There was a walled neighborhood where the Blacks lived. It was walled off, separate from the other parts of the town, but sometimes my friends and I would play baseball in an area of sugar sand right behind the wall. And a lot of the kids from the black neighborhood would climb the wall and come join the game.

We had a grand time until, of course, one of the white moms would notice and call the cops to make the black kids go back to their own neighborhood. You see, it just wasn’t done, the mixing.

There was a lake behind the sugar sand, with a ring of homes around it. We loved to swim there, even though it was off limits. In the middle of the lake was a small island where ducks liked to nest. We called it Duck Egg Island.

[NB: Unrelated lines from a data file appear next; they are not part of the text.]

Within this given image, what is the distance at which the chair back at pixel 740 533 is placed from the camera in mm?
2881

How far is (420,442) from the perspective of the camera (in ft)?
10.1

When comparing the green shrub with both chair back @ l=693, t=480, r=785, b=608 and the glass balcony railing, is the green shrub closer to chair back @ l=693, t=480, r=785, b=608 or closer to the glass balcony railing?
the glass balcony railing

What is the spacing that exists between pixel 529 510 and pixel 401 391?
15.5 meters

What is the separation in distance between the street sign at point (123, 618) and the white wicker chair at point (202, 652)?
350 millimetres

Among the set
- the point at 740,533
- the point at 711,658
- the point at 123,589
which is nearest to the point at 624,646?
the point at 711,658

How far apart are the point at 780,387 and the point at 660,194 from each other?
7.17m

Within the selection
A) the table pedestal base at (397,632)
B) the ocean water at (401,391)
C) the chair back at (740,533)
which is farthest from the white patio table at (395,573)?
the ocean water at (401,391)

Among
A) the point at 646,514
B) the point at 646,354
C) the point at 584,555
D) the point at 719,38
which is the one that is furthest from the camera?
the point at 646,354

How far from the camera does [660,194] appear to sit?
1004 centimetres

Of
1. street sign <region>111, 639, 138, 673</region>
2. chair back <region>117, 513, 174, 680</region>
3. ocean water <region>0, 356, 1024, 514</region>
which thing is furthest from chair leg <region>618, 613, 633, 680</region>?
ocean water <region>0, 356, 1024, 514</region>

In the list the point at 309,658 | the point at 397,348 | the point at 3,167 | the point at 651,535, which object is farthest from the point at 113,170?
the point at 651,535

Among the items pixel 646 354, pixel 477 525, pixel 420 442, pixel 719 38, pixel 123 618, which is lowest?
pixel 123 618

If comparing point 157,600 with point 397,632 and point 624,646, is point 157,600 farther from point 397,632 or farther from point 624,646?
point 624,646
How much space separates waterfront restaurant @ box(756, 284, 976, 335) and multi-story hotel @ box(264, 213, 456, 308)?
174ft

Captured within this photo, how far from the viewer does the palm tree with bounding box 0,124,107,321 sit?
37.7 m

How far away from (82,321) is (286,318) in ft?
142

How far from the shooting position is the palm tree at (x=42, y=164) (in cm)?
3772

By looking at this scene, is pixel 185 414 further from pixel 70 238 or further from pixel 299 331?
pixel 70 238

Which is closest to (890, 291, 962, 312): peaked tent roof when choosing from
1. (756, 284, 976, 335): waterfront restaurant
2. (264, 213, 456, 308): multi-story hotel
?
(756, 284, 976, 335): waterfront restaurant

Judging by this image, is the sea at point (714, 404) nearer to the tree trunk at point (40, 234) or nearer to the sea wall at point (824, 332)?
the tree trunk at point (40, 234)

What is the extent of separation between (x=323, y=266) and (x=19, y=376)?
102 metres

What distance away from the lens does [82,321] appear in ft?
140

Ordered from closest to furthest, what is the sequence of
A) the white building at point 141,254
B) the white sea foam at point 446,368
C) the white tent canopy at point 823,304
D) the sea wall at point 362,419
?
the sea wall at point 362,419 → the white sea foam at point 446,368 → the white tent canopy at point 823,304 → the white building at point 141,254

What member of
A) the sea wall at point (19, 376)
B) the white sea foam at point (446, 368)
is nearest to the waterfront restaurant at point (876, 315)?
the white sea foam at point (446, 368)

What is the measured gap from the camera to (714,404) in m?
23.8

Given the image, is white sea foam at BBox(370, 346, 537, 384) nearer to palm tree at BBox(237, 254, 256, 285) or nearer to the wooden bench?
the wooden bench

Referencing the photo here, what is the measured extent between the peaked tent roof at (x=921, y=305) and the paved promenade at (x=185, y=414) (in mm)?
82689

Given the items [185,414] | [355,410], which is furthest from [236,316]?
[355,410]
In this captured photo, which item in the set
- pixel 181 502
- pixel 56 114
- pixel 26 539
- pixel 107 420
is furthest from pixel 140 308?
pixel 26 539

We’d get the eggs and have duck egg fights, but to get to the lake we had to walk past the walled neighborhood where the Blacks lived and then cut through one of the yards of the homes around the lake. We did it all the time.

One day as we passed the wall a little black child sitting on top of it hollered at us. “Hey! Where y’all going?”

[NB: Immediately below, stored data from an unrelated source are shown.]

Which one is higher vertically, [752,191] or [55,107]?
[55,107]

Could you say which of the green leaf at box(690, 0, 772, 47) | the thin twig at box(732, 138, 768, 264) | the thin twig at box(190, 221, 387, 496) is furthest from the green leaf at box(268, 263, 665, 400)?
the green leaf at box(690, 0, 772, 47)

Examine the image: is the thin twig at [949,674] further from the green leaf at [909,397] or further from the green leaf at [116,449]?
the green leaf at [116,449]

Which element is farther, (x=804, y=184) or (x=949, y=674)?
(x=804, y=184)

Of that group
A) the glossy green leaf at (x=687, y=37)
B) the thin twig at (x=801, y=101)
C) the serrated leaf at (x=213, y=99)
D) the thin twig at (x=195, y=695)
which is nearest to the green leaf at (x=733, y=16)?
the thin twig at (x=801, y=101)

Someone told him we were headed to a swimming hole. Without a pause he jumped down off that wall and joined us. 

Now my friends and I were like fish. We swam every day. We never considered that a kid our age couldn’t swim. 

The lake was fairly shallow until you got about 10 yards out, then it dropped dramatically. When we got to Duck Egg Island someone noticed the black kid wasn’t with us.

We swam back and one of us, I don’t remember who, dove under, but he couldn’t get to the child. We all tried. Again and again. He was too deep.

Now, we should have gone for help right away, but we knew we weren’t supposed to be swimming in that lake. And we knew we weren’t supposed to be playing with black kids. Finally someone ran to a nearby house and an ambulance was called. But of course it was way too late. 

Not a day goes by that I don’t think about that kid. 

The storyteller bowed his head and cried at this admission. I cried, too. 

 

Unknown's avatar

Author: nananoyz

I'm a semi-retired crazy person with one husband and two cats.

16 thoughts on “A Little Life”

  1. Such a horrible tragedy. Children are not racists before the adults ‘explain’ them things. A similar tragedy happened one winter in a village I used to live. The only survivor was a little guy who had a speech defect, and no adult understood what he was trying to say. Children understood him, but they didn’t believe in what he was saying. My little daughter came to me and told me all of this. We found two men who ran to the pond but it was too late, of course. Three young children lost their lives.

    Liked by 1 person

  2. My goodness, that poor child drowned? I don’t know what to say. I can’t hear a story like that and not feel bitter about the way adult idiocy reaches into the blameless world of children and pollutes it.